My Daughter's Relapse and Another Heartbreaking Mother's Day

Substance abuse counselor and mother grapples with daughter's relapse

As a professional family substance abuse counselor I have been writing blogs, articles and lecturing for many years. I doubt however, if I would be the complete clinician if I did not walk in many of your shoes, sharing the same trials and tribulations, victories and successes that you may have experienced with your loved one. Though we don't know each other, we know each other very well. Because of that special bond, I wish to share this story with you not as a clinician, but as mother and parent.

A few months ago, I believe my daughter had a relapse. I could tell by her irresponsible behavior, broken dinner engagements and a just checked out demeanor. When we discussed it, her answer to me was that she wasn't one of my clients and back off. Our relationship grew more unstable than ever before and climaxed with just a proverbial text for Mother's Day. How sad for both of us.

My daughter (let's call her Lucy) was and is a beautiful woman of 21. Though every mother thinks their child is beautiful, Lucy really is. Almost 6 ft. tall, a knockout figure, dark straight hair, olive skin and almond shaped smoldering eyes. She could have easily been a model. I can say this, as she is adopted, so I had nothing to do with her amazing looks. However, this beautiful young lady is covered with tattoos scattered about her body with little or no thought as to what she is permanently inking. One looks like a car engine and is supposed to be a music box; another is an Alligator eating a baby! Her ear lobes sport gages that are so big, the middle part of a sugar ice cream cone would fit comfortably through it.
Though I'm not thrilled that Lucy has decided to permanently use her body as a grease board, it does not make me love her any less.

From an early age, Lucy started pulling out her hair. Defiant toward teachers and combative at every turn toward her father and me, Lucy would fly into uncontrollable temper tantrums. By the time the 7th grade rolled around, Lucy could not attend the public school system and was sent to alternative schools in and out of California that specialized in behavioral issues. I honestly don't know when the dabbling into drugs took effect, but dabbling quickly turned into addiction. Lucy became a garbage pail for any drug from acid to mushrooms to heroin. Cutting and anorexic behavior became the norm as well.

Lucy managed to graduate from high school and opted to live with her birth grandparents in Oregon. Our communication at that time was tense and volatile and I had no idea if she was clean and sober or continuing with her addiction. She made it clear that she had no interest in considering any of my suggestions for continued education, career choices or even sober living options.

After a few years of doing little but lying on the couch, Lucy moved down to Los Angeles and reconnected with some family members professing that she needed a fresh beginning for her life. I was not part of this decision because I would have seen it as manipulative and covert. She swore that she was clean and sober, and these family members embraced her with open arms. Sadly, sobriety was the last thing on her mind, and so started the revolving door of rehabs and sober living housing.

Gratefully, somewhere along the way, Lucy did embrace a clean and sober life style.
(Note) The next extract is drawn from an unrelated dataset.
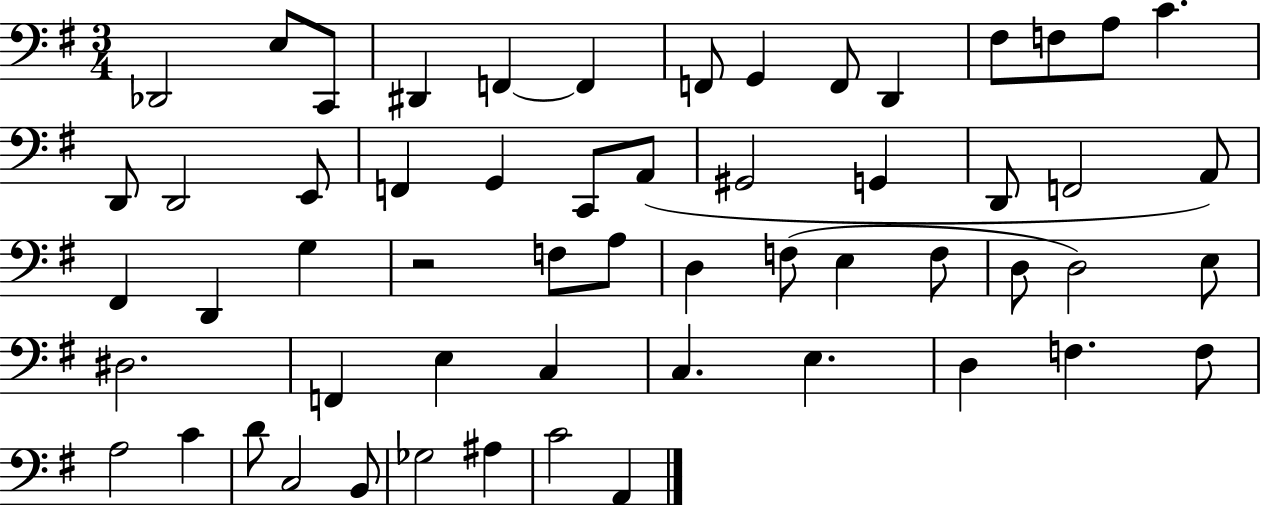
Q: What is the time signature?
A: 3/4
She attended AA meetings regularly, had a sponsor, and got a job and her own apartment. On her first year birthday of sobriety, we gathered like a flock of geese holding wads of Kleenex as we watched our loved one receive her one year chip. Finally, after all these years, maybe, just maybe Lucy might be on her way to experiencing the goodness that a sober lifestyle has to offer and we in turn could take a long awaited sigh of relief. That was 14 months ago.

Sadly and unfortunately many alcoholic/addicts become complacent about their recovery. They foolishly think they can start to pick and chose their recovery path believing that they now have learned when to cut off their alcohol intake, or because their drug of choice was alcohol, one line of coke is no big deal. The recovering alcoholic/addict knows that this thinking is "b.s.", but they forge ahead anyway.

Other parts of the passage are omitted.